Work to be completed – Please, without any pictures, set down exactly the part of the listing below that opens with the line containing "Ringworm (Tinea Corporis)" and closes with the line containing "A man who was".

Data –
·····
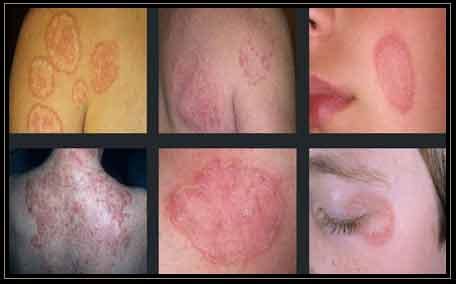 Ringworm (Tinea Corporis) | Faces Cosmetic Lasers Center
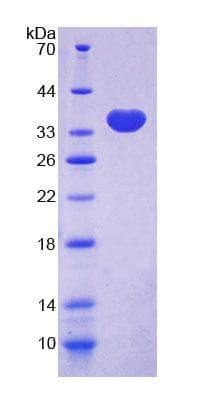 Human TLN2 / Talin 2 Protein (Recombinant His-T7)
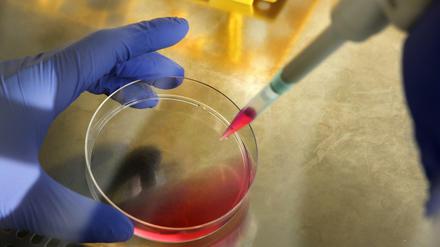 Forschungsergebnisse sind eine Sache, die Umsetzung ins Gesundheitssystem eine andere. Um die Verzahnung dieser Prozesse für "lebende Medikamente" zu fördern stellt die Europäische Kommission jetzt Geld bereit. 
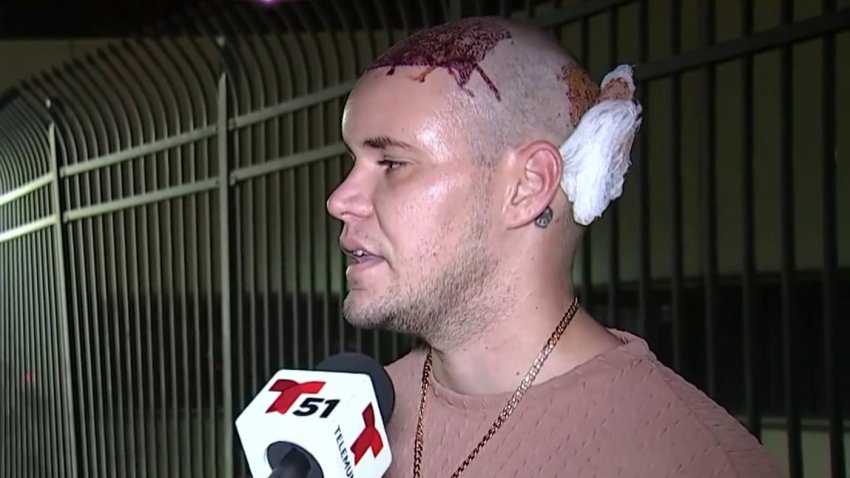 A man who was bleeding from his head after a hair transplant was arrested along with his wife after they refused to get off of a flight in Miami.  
·····
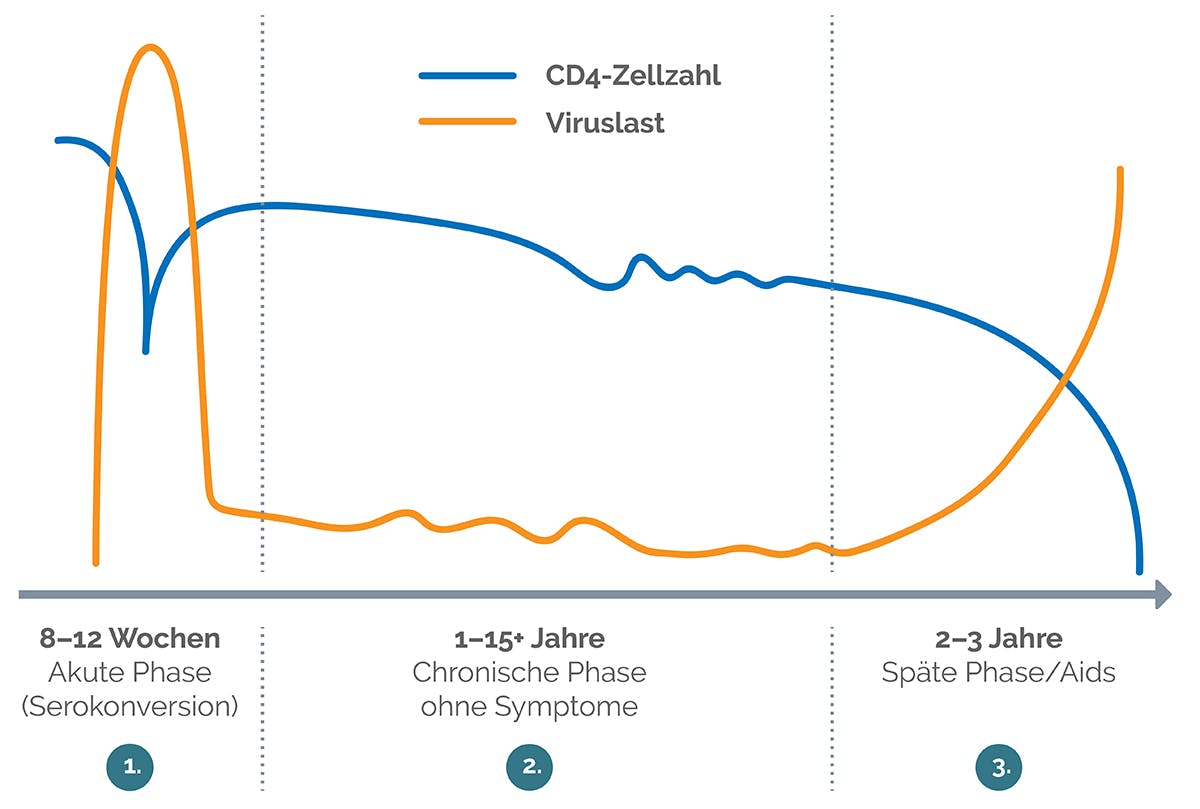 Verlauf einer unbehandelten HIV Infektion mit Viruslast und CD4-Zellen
·····
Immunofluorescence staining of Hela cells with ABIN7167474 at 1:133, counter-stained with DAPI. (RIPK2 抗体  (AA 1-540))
·····
Result –
 Ringworm (Tinea Corporis) | Faces Cosmetic Lasers Center
 Human TLN2 / Talin 2 Protein (Recombinant His-T7)
 Forschungsergebnisse sind eine Sache, die Umsetzung ins Gesundheitssystem eine andere. Um die Verzahnung dieser Prozesse für "lebende Medikamente" zu fördern stellt die Europäische Kommission jetzt Geld bereit. 
 A man who was bleeding from his head after a hair transplant was arrested along with his wife after they refused to get off of a flight in Miami.  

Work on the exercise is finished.